Agronegócio – O agronegócio brasileiro também acompanha de perto o xadrez geopolítico internacional. Em setembro, os ministros de Agricultura dos Brics se reunirão na cidade de Bonito, em Mato Grosso do Sul. O acordo Brasil-Mercosul não arrefeceu os ânimos em relação aos emergentes. Em 2000, um ano antes de seu ingresso na Organização Mundial do Comércio (OMC), a China representava menos de 5% das exportações agrícolas brasileiras. Hoje esse percentual pulou para cerca de um terço.

Demanda – A China responde por 80% das exportações de soja do Brasil. A expectativa é de tratar mais assuntos bilaterais no encontro a ser realizado em setembro, avalia o secretário de Comércio e Relações Internacionais do Ministério da Agricultura, Pecuária e Abastecimento, Orlando Leite Ribeiro. Na pauta, ampliação da exportação de proteínas animais e a inserção de novos produtos, como frutas. Em carnes, a China enfrenta problemas com a peste suína africana.

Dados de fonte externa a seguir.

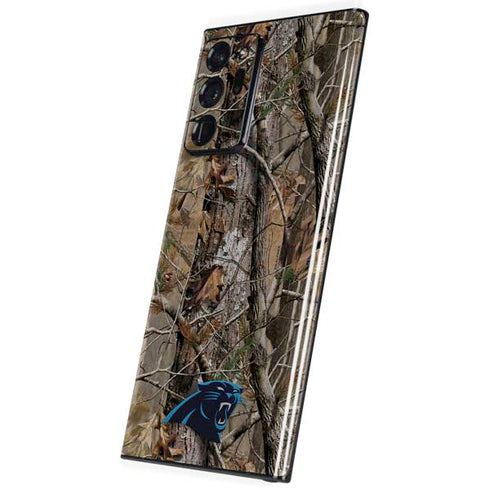 NFL Carolina Panthers Realtree AP Camo Galaxy Note20 Ultra 5G Skin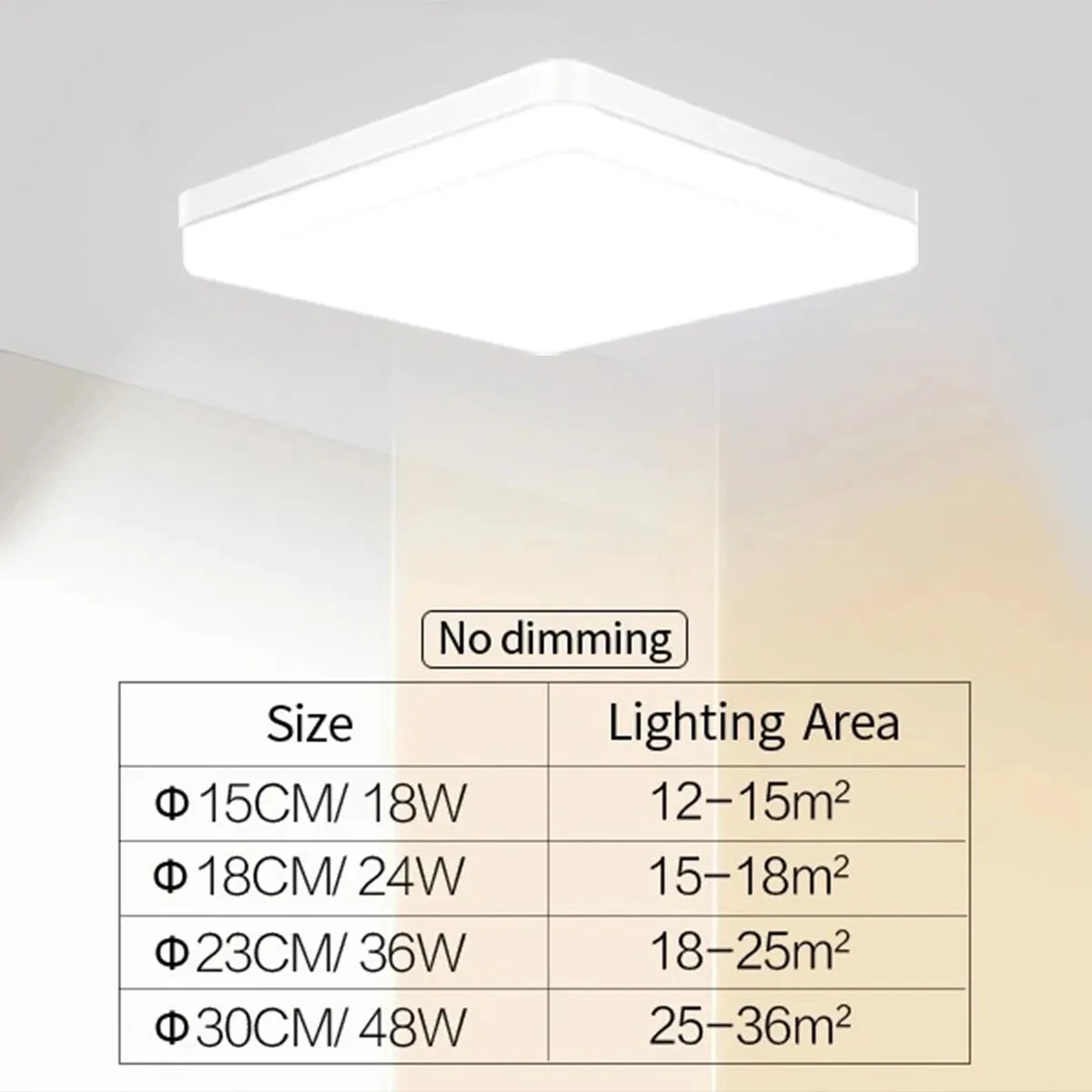 Guérip Pure Frame LED Ceiling Light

Classe média – “A ascensão da classe média chinesa continua, mesmo com um ritmo de crescimento mais baixo que nos anos anteriores, e a Índia também vive o mesmo fenômeno”, observa o secretário. A população abaixo da linha da pobreza caiu de 66% na China em 1990 para menos de 5% em 2015; na Índia, a queda foi de 45% para 22%. Mais renda no bolso significa mais gastos com alimentação e com uma dieta com mais carne e produtos diferenciados como frutas secas. “Há oportunidade de exportar frutas secas para esses países e estamos buscando contribuir para a Índia investir em etanol, o que poderá fazer com que eles tenham menos açúcar produzido”, afirma Ribeiro.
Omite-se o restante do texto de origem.